**PROBLEM REQUIREMENTS**
Return every record below exactly as given, images excluded.
►
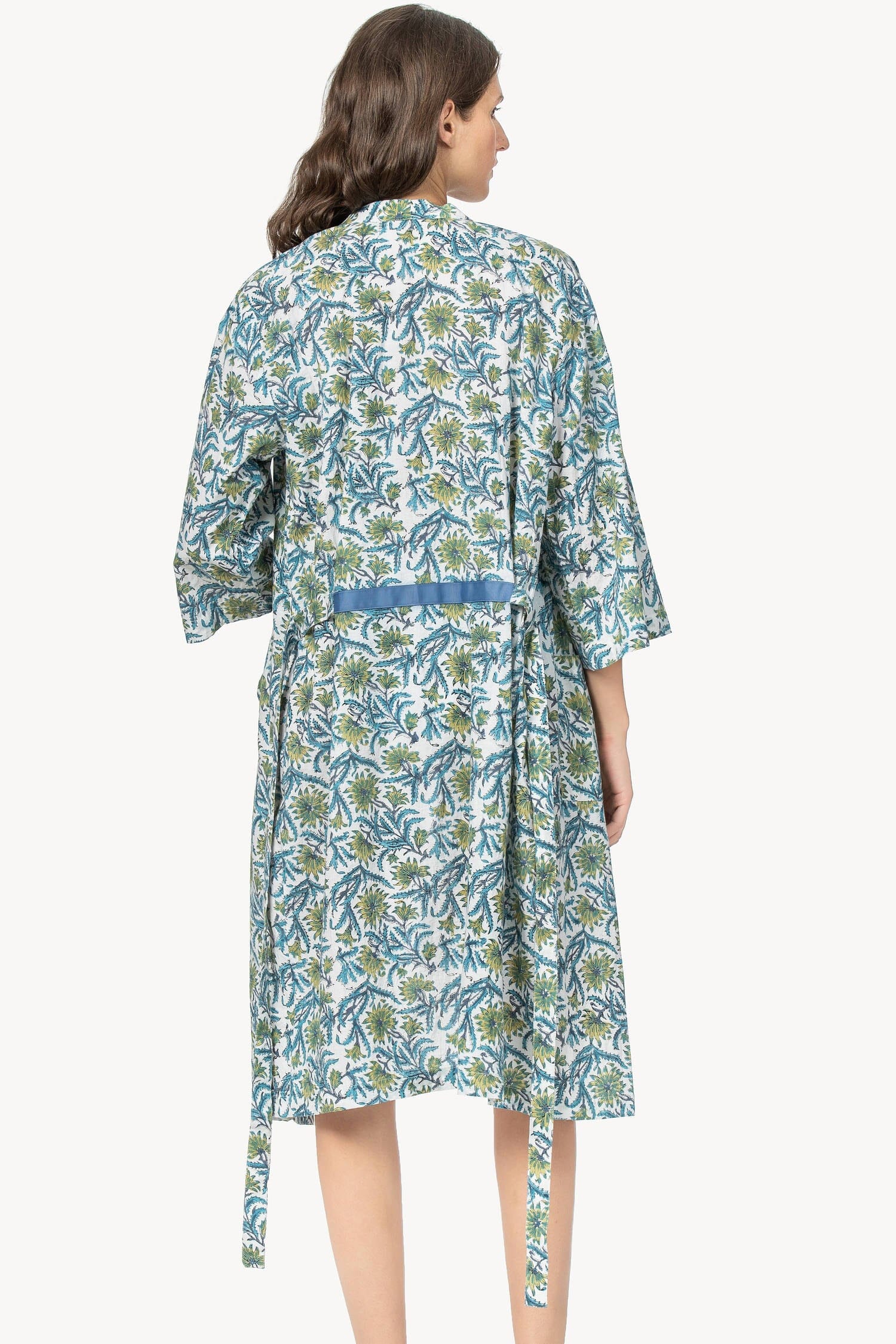 Robe Womens Robe Green Floral Block Print A2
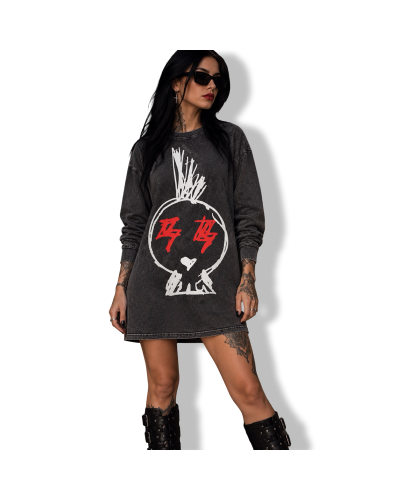 VESTIDO SUDADERA ROCK N ROLL MIDI|LA OVEJA NEGRA SHOP.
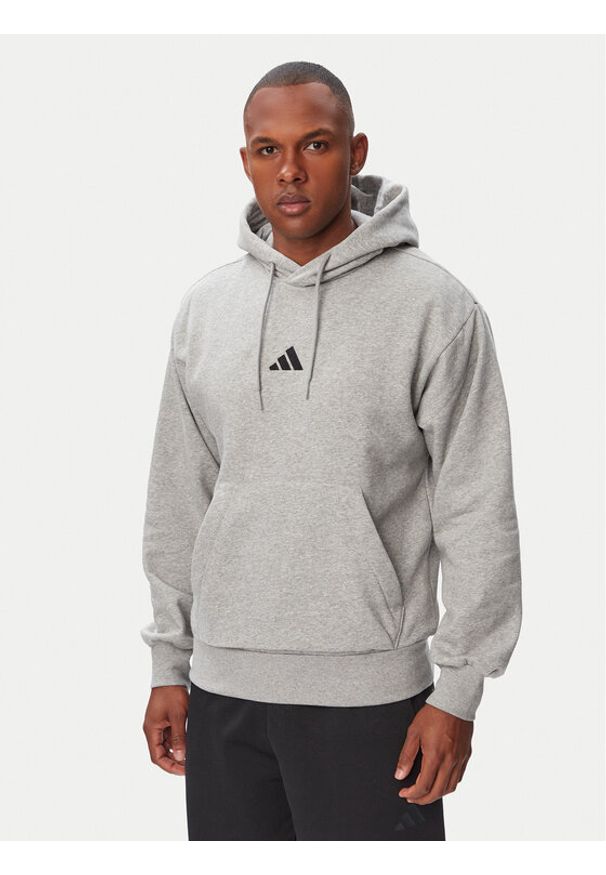 Adidas - adidas Bluza Essentials Feelcozy JE3809 Szary jasny Regular Fit. Kolor: szary. Materiał: bawełna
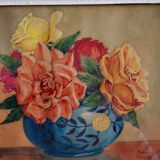 Tableau bouquet de fleurs,  aquarelle 1945, daté, signé et dédicacé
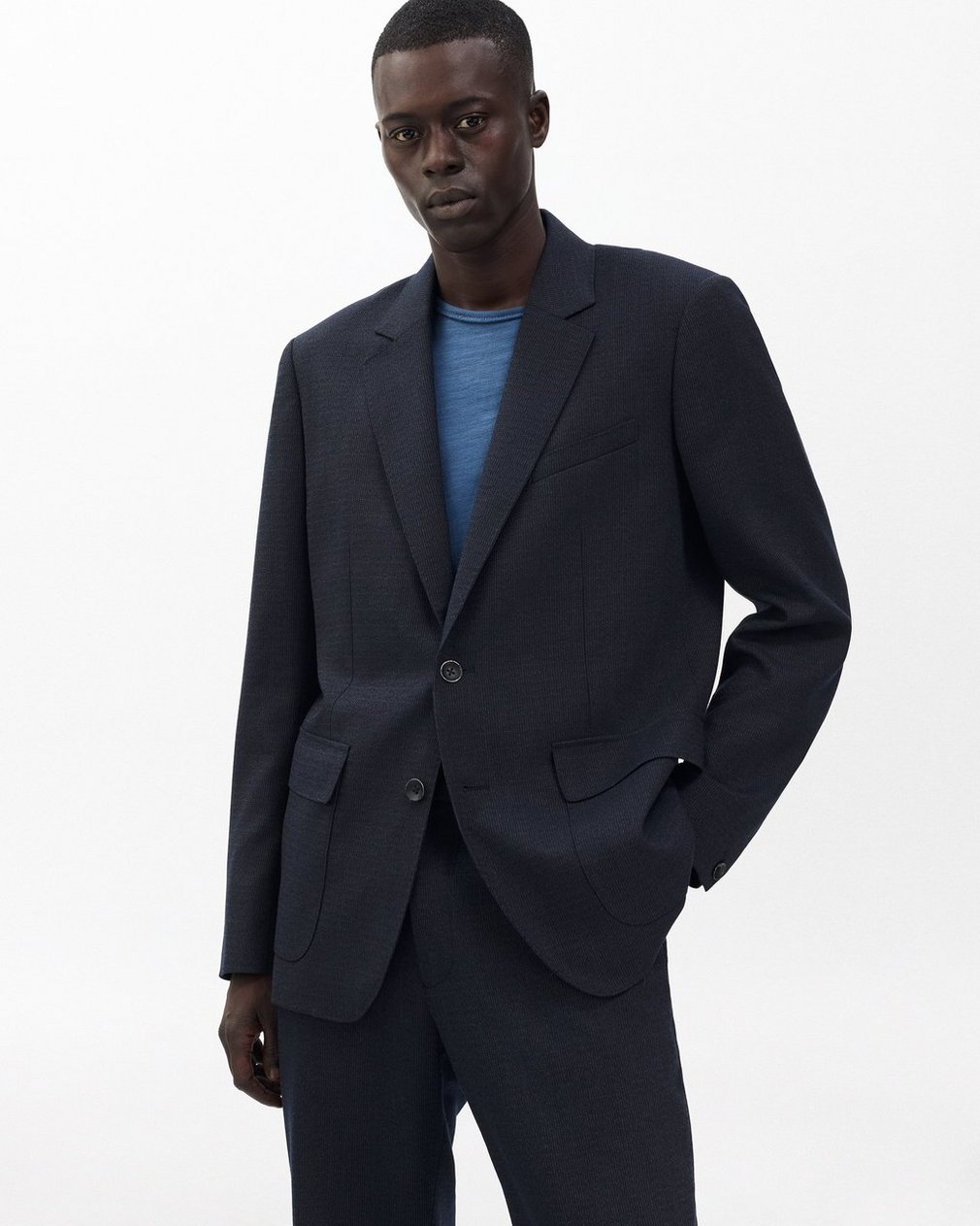 Butler Italian Pinstripe Blazer - Navy - Image 3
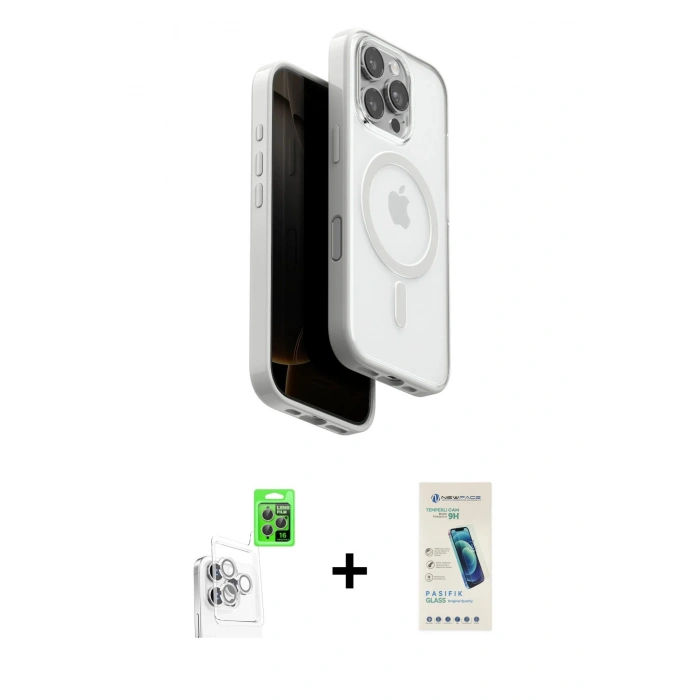 MARSİLYAN™- iPhone 16 Pro Kılıf Pusula Form Serisi - Şeffaf Pasifik Cam Ekran Koruyucu + Raze Metal Kamera Lens - BZ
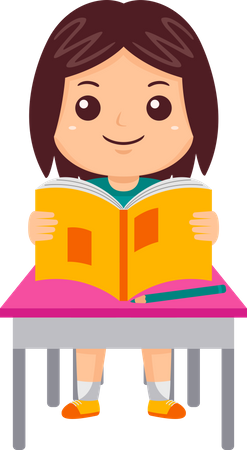 Girl Kid Reading Book  Illustration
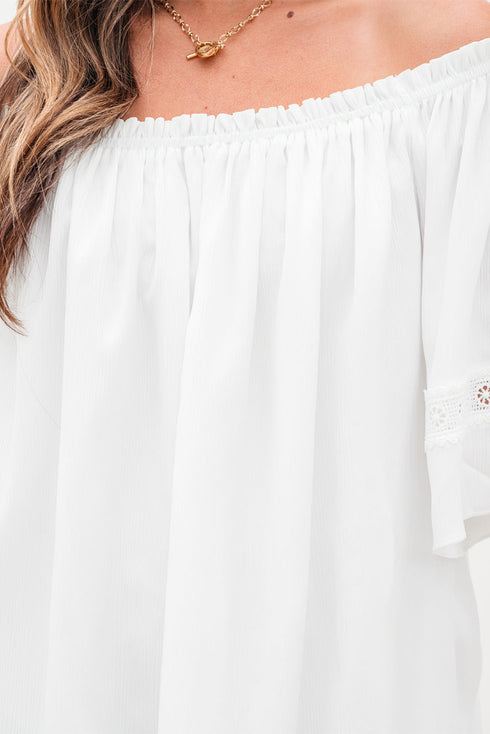 Textured Off Shoulder Lace Insert Long Sleeve Blouse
◄
**ANSWER TO THE PROBLEM**
 Robe Womens Robe Green Floral Block Print A2
 VESTIDO SUDADERA ROCK N ROLL MIDI|LA OVEJA NEGRA SHOP.
 Adidas - adidas Bluza Essentials Feelcozy JE3809 Szary jasny Regular Fit. Kolor: szary. Materiał: bawełna
 Tableau bouquet de fleurs,  aquarelle 1945, daté, signé et dédicacé
 Butler Italian Pinstripe Blazer - Navy - Image 3
 MARSİLYAN™- iPhone 16 Pro Kılıf Pusula Form Serisi - Şeffaf Pasifik Cam Ekran Koruyucu + Raze Metal Kamera Lens - BZ
 Girl Kid Reading Book  Illustration
 Textured Off Shoulder Lace Insert Long Sleeve Blouse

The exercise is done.